たとえば、あなたが退職金規定のある会社の社長だったとします。

あなたが社員と揉め、全員が辞めるような騒ぎになりました。(最低の出来事ですが。)

あなたの会社は今、従業員全員分の退職金を払えますか?

払えなければ、どうなると思います?

 

「無い袖は振れないんだから、払えないの一点だ!」

「退職金を払うような働きをしていないのだから、そもそも払わない!」

「払いたくないから全員懲戒解雇だ!」

「あんなやつにはびた一文出してたまるか!」

 

というお考えでしたら、それは残念ながら倒産一直線です。

退職金規定があるなら、払わないとダメ、絶対、なんです。

 

払わないといけないもの=債務

ですよね。

 

なので、支払うべき退職金は、買掛金や借入などと同じ債務です。

債務が払えなければ、会社は潰れます。

 

つまり、退職金も支払えなければ、会社は潰れます。

 

いかがでしょう?

退職金で会社が潰れることがある、ということをお分かりいただけだでしょうか。

 

無論、実務的には社員さんと話合って分割してもらうとか決めてくことになりますので、潰れるまでいくことは稀な話ですが、しかし、これはつまり、社長さんが従業員さんにお願いする話なんです。

 

揉めに揉めて、ある意味クビにしたのに、反抗にあってむしろ立場が弱くなるという情けなさ。。なかなかツライ立場ですね。痛々しいといいますか。
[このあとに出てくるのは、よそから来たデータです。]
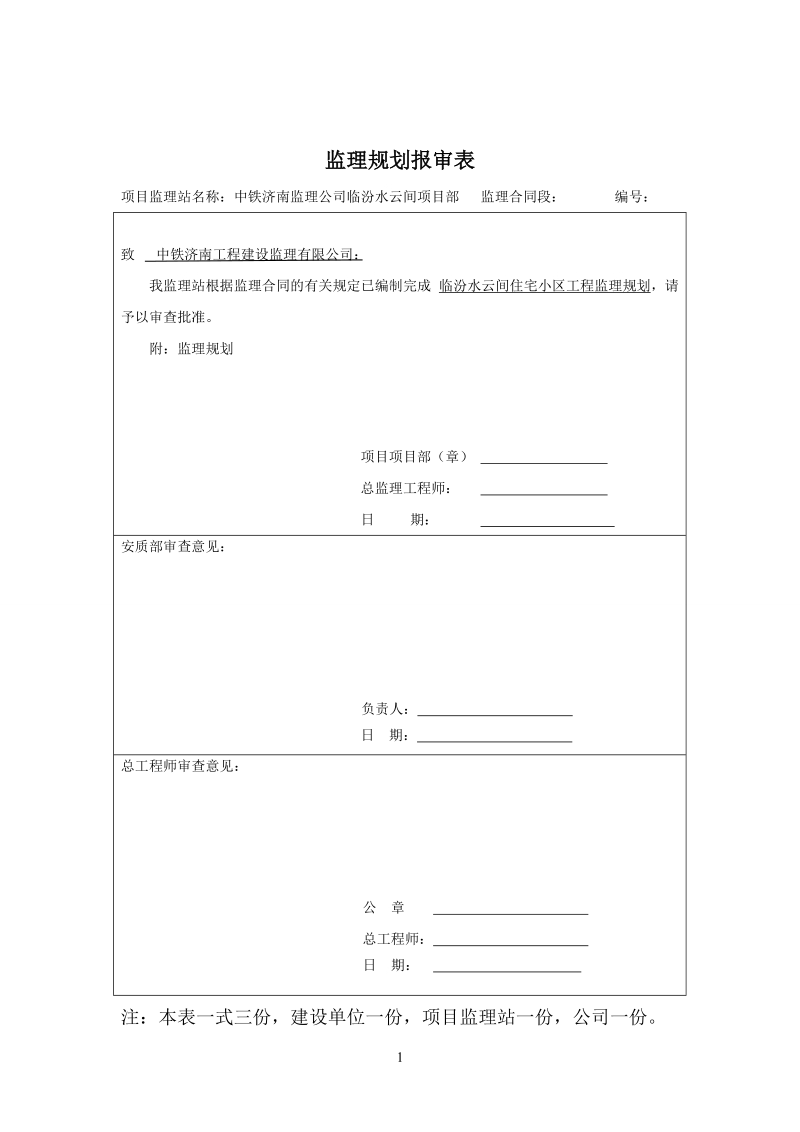 项目监理规划.doc_第3页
なんともいたたまれません。

 

そのような払えない、という(弱い)立場をわきまえず、社長目線の上から目線で、ロクに話し合いもしないで、どーんと支払い要求を突っぱねてしまうと、破産を申立てされて(債権者からも破産は申立てできるんです)、信用ガタ落ち、業績ガタ落ち、会社も無くなる、という負のスパイラルに陥ります。

 

大抵の契約の解除条項には、破産申立られたら一方的に解除、破棄できると規定がありますから、破産となれば、普通取引先を失うことになります。

 

更に怖いのは、銀行です。

期限の利益喪失事由にあてはまり、一括で返済しろ、という話になります。(一度借入の契約書を見てみてください。しっかり書いてあるはずですから。)

 

つまり、倒産です。

 

個人で連帯保証などしてれば一晩にして文無しです。(大抵してる)

いやはやこわいですね。

 

円満退社、なんて言葉がありますよね。

そんな言葉があるということは、逆も多くあるからですね。

つまりは非円満退社です。ようはけんか別れ。

 

そのような状況で退職金分割払いにしてくれ、なんて頼めますか?

どうやってもメンツが立たないですよね。

 

退職金分の現金を用意しておけばそのような悲しい思いをせずにすんだものの、準備が甘いから、無念な結果になってしまったわけです。(お前ら全員クビだ-!と叫んだら、逆に自分のクビが飛んだという笑えない話)

 

「そんな、いつ起こるかわからないことの準備なんてできるか!」

「業績だってそんなに良くないぞ!カネだってないぞ!」

(全くもって威張れる話ではありませんが。。)

 

と、ついつい憤ってしまう社長さんもいることでしょう。

わかります。ええ、ええ、わかります。

 

でも火災保険入ってますよね?生命保険も入ってますよね?

準備できてるじゃないですか。

 

では、なぜ退職金は準備しませんか?

 

退職金というのは将来債務なんです。しかも確実に発生する。

確実に発生することがわかっているものなのですから、準備しなければダメです。

 

これは会計上の引当をせよ、ということではありません。

カネを準備しときなさいよ、ということです。

会計上の引当は、うちの会社にはこんな債務がありますよ、と、あくまで、外に見せるためにこさえるものであって、引当金勘定があろうがなかろうが、お金がなければ払えません。

 

だから退職金の原資を作らなければならないのです。

 

しかし、これは簡単じゃないです。

お金はあったら使いたくなりますし、退職金準備のためコツコツ貯めていく、といってもこれはなかなか難しい、骨が折れる話です。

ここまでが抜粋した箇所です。